**What needs to be done**
Set down all the entries again, word for word.

(Collection entries)
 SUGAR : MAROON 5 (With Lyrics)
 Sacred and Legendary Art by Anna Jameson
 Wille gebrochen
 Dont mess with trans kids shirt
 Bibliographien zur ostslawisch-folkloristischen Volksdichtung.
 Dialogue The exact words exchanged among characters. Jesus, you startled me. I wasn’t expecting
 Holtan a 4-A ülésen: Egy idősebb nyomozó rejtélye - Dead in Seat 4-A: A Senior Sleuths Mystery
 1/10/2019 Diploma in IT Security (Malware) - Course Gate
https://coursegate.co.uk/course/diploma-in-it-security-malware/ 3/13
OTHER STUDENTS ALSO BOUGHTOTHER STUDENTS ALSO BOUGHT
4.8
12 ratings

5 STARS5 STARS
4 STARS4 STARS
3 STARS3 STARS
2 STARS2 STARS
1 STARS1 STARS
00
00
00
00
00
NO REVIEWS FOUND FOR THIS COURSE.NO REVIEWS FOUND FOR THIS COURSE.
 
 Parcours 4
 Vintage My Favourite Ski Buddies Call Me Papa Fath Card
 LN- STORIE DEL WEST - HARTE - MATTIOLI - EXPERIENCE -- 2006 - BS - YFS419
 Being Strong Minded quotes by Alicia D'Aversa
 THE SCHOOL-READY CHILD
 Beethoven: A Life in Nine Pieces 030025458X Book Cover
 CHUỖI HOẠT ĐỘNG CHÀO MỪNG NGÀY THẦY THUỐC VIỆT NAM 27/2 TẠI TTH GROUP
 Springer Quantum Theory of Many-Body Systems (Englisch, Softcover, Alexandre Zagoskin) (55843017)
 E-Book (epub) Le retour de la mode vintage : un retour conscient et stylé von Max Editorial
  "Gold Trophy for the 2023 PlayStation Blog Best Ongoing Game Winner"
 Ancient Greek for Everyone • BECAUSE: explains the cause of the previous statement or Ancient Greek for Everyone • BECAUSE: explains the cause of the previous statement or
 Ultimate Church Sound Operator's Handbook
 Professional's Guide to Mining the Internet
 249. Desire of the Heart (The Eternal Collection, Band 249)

**Answer box**
 SUGAR : MAROON 5 (With Lyrics)
 Sacred and Legendary Art by Anna Jameson
 Wille gebrochen
 Dont mess with trans kids shirt
 Bibliographien zur ostslawisch-folkloristischen Volksdichtung.
 Dialogue The exact words exchanged among characters. Jesus, you startled me. I wasn’t expecting
 Holtan a 4-A ülésen: Egy idősebb nyomozó rejtélye - Dead in Seat 4-A: A Senior Sleuths Mystery
 1/10/2019 Diploma in IT Security (Malware) - Course Gate
https://coursegate.co.uk/course/diploma-in-it-security-malware/ 3/13
OTHER STUDENTS ALSO BOUGHTOTHER STUDENTS ALSO BOUGHT
4.8
12 ratings

5 STARS5 STARS
4 STARS4 STARS
3 STARS3 STARS
2 STARS2 STARS
1 STARS1 STARS
00
00
00
00
00
NO REVIEWS FOUND FOR THIS COURSE.NO REVIEWS FOUND FOR THIS COURSE.
 
 Parcours 4
 Vintage My Favourite Ski Buddies Call Me Papa Fath Card
 LN- STORIE DEL WEST - HARTE - MATTIOLI - EXPERIENCE -- 2006 - BS - YFS419
 Being Strong Minded quotes by Alicia D'Aversa
 THE SCHOOL-READY CHILD
 Beethoven: A Life in Nine Pieces 030025458X Book Cover
 CHUỖI HOẠT ĐỘNG CHÀO MỪNG NGÀY THẦY THUỐC VIỆT NAM 27/2 TẠI TTH GROUP
 Springer Quantum Theory of Many-Body Systems (Englisch, Softcover, Alexandre Zagoskin) (55843017)
 E-Book (epub) Le retour de la mode vintage : un retour conscient et stylé von Max Editorial
  "Gold Trophy for the 2023 PlayStation Blog Best Ongoing Game Winner"
 Ancient Greek for Everyone • BECAUSE: explains the cause of the previous statement or Ancient Greek for Everyone • BECAUSE: explains the cause of the previous statement or
 Ultimate Church Sound Operator's Handbook
 Professional's Guide to Mining the Internet
 249. Desire of the Heart (The Eternal Collection, Band 249)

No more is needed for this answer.